WRFA-LP
- Jamestown, New York; United States;
- Broadcast area: Jamestown NY area
- Frequency: 107.9 MHz
- Branding: Radio For the Arts

Programming
- Format: Community radio; Public radio;
- Affiliations: Pacifica Radio

Ownership
- Owner: Reg Lenna Center for the Arts

History
- First air date: September 13, 2004; 21 years ago
- Call sign meaning: Radio For the Arts

Technical information
- Licensing authority: FCC
- Facility ID: 132401
- Class: L1
- ERP: 100 watts
- HAAT: 10.6 meters
- Transmitter coordinates: 42°05′48″N 79°14′22″W﻿ / ﻿42.09667°N 79.23944°W

Links
- Public license information: LMS
- Webcast: Listen live
- Website: www.wrfalp.com

= WRFA-LP =

WRFA-LP (107.9 FM) is a public broadcasting community radio station licensed to Jamestown, New York. The station is currently owned by, and broadcasts from studios in, the Reg Lenna Center for the Arts, where it has been located since its launch in 2004.

From 2009 to 2023, WRFA-LP's operations were federally subsidized by the Corporation for Public Broadcasting, which provided a substantial portion of the station's revenue. Increases in the threshold to qualify for CPB funding rendered the station ineligible for future funding beyond October 1, 2023.

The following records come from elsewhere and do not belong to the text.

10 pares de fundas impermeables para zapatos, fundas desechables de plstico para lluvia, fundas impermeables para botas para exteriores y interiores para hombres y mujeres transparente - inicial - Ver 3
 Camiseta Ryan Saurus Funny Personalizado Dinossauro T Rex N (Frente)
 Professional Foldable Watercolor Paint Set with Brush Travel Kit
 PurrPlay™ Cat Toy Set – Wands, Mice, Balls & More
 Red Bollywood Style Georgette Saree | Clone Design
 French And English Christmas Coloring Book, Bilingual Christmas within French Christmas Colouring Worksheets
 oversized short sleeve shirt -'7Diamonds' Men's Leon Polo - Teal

Dennis Drew, of 10,000 Maniacs, served as the station's general manager from its launch until he retired in 2021. From 2021 to 2023, the station was led by Jason Sample, who had spent the previous decade as WRFA's news director and worked at other Jamestown radio stations before that. Sample announced his resignation shortly after the loss of funding was announced in August 2023; another employee of the station, Julia Ciesla-Hanley, succeeded Sample on an interim basis. Anthony Merchant, the station's arts director and the nephew of 10,000 Maniacs frontwoman Natalie Merchant, was promoted to general manager in June 2025.

Until 2024, WRFA-LP had been the play-by-play broadcaster of the Jamestown Tarp Skunks baseball team.

The station's format could be considered similar to that of college radio. It is best known for its national, but unique, talk shows, its support of local musicians/arts, unique local volunteer hosted programs, wide variety of music, and interviews with musicians of all status. It also currently carries some syndicated music spotlight shows, such as the Pink Floyd program Floydian Slip, Acoustic Café, Le Show, StarTalk, the WoodSongs Old-Time Radio Hour, along with two Native Voice One nationally syndicated programs that had previously been on WGWE and are hosted by local native Brett Maybee: The Mainstream and Gae:no.